(GIVEN DATA begins)

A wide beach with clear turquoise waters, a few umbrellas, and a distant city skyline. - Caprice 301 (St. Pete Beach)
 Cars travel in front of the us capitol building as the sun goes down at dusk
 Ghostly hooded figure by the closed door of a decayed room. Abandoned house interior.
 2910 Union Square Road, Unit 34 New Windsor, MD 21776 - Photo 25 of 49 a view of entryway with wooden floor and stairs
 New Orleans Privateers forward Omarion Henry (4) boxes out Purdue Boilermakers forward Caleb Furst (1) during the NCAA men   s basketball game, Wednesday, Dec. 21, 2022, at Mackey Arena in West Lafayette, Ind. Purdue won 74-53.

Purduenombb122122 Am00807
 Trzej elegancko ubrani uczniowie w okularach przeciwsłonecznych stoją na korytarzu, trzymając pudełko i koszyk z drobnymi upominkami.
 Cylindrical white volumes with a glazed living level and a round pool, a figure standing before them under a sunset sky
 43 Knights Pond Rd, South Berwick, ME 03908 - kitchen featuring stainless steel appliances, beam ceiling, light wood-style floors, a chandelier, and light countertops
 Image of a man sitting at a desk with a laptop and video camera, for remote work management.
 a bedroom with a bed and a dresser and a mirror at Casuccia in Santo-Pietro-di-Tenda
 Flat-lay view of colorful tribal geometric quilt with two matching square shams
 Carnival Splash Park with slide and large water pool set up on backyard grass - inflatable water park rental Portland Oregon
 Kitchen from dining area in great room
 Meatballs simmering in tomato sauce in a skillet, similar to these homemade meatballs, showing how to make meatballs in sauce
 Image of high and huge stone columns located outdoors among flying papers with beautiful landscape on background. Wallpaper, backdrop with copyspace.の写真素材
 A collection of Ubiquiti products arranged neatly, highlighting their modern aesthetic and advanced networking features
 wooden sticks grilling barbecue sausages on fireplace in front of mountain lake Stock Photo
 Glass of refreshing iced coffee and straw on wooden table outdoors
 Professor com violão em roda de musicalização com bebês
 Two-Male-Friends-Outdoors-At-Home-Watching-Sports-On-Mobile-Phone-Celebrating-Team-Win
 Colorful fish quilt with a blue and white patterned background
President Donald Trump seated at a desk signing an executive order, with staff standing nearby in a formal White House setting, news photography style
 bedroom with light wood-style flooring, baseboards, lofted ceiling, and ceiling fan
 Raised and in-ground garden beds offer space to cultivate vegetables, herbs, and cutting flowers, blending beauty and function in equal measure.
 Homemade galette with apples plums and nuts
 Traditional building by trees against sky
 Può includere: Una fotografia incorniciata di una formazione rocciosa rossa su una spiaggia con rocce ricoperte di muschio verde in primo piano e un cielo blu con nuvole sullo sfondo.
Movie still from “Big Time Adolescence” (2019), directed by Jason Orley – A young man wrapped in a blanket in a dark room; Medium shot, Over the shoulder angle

(GIVEN DATA ends)

Only lines holding the word "style" belong in the answer; copy all of them from the records.

FINAL ANSWER –
 43 Knights Pond Rd, South Berwick, ME 03908 - kitchen featuring stainless steel appliances, beam ceiling, light wood-style floors, a chandelier, and light countertops
President Donald Trump seated at a desk signing an executive order, with staff standing nearby in a formal White House setting, news photography style
 bedroom with light wood-style flooring, baseboards, lofted ceiling, and ceiling fan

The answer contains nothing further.